Abstract
In this paper, we consider a predator–prey model with Allee effect, fear effect and prey refuge. By considering the prey refuge as a parameter, we give the threshold condition for the stability of the system, and prove that the system undergoes a supercritical Hopf bifurcation. We show that increasing the prey refuge or Allee effect can make the dynamical behavior of the system more complicated; the fear effect or Allee effect has no influence on the prey density, but can lead to a decrease of the predator population at positive equilibrium.
Highlights
The predator–prey model is one of the basic models in the theoretical studies of ecology, and it has been studied extensively
Xiao et al [18] considered the global stability of a stage structure predator–prey system with prey refuge, and pointed out that the model undergoes a Hopf bifurcation when the delay crosses some critical values
We show the influence of the Allee effect, fear effect and prey refuge on the dynamics behavior of the system (5)
Summary
The predator–prey model is one of the basic models in the theoretical studies of ecology, and it has been studied extensively (see [1,2,3,4,5,6,7,8,9,10,11,12,13,14] and the references cited therein). Chen et al [15] investigated the stable property of a predator–prey system with a constant number of prey refuges. The authors [16] showed that prey refuge has no influence on the stability of the system. Khajanchi and Banerjee [17] studied the uniform persistence and global asymptotic stability of a stage structured predator–prey model with prey refuge.
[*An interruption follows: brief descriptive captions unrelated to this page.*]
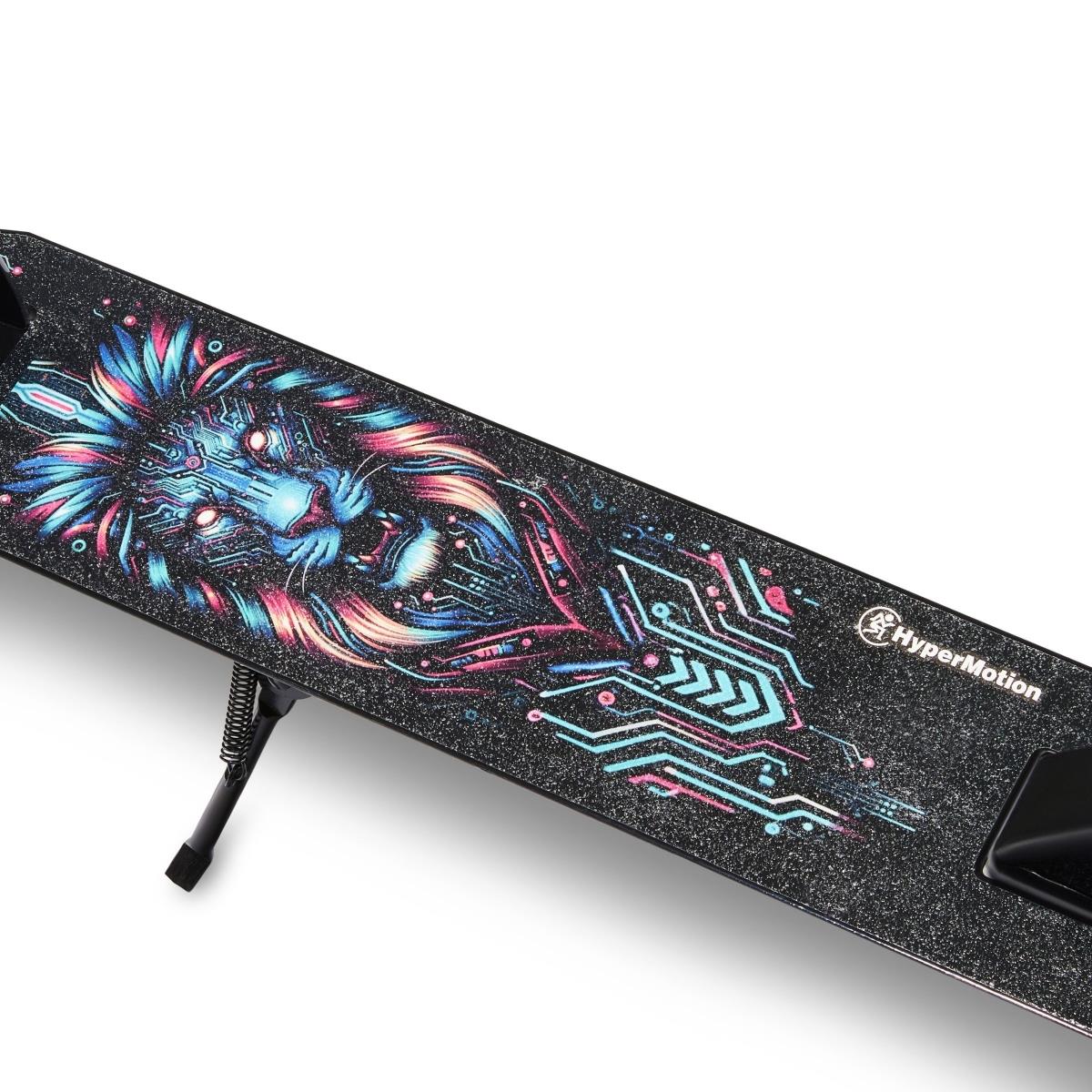 Dviejų ratų motoroleris jaunimui - su amortizatoriumi - Hypermotion CITY SWIFT Digital Lion - 100 kg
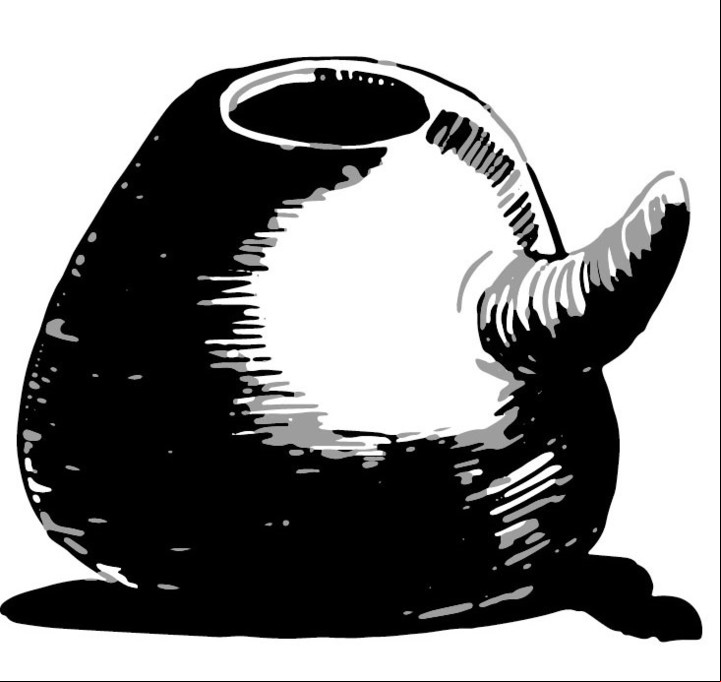 Mate "galleta en asa". Ilustración de Enrique Rapela.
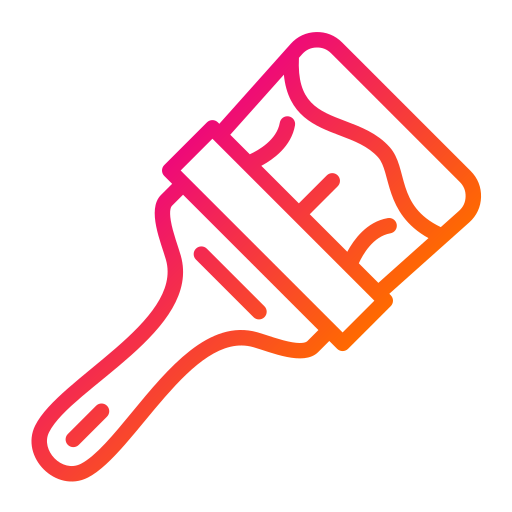 cepillo de pintura icono gratis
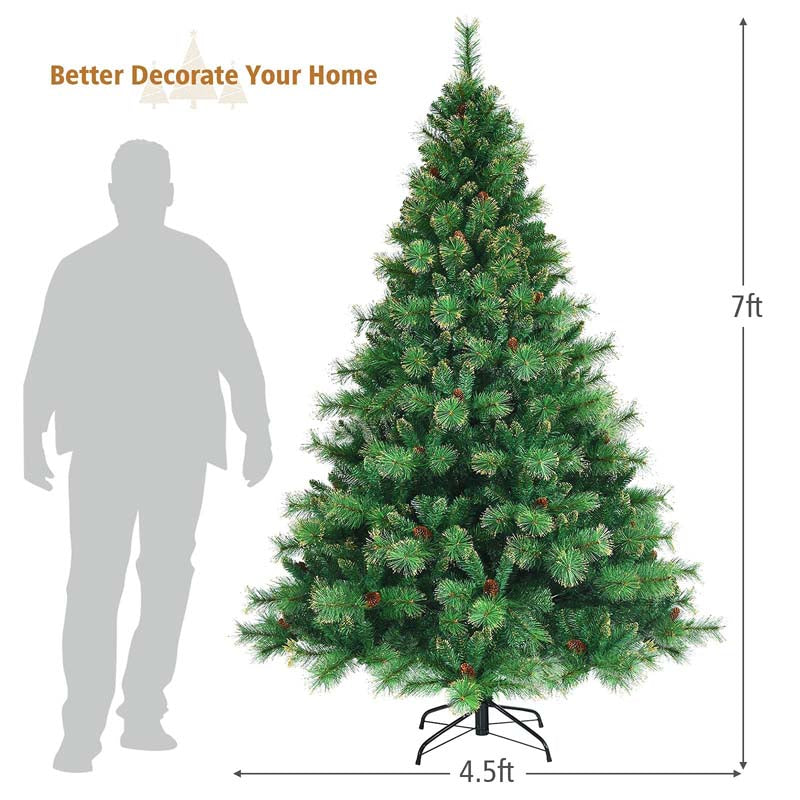 Eletriclife 7FT Pre-Lit Artificial Christmas Tree with 500 LED Lights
Xiao et al [18] considered the global stability of a stage structure predator–prey system with prey refuge, and pointed out that the model undergoes a Hopf bifurcation when the delay crosses some critical values. Xie et al [19] studied the persistence and stability of a modified Leslie–Gower predator–prey model with prey refuge, and showed that the prey refuge has a positive effect on the persistence property. For more details in this direction, see [20,21,22,23]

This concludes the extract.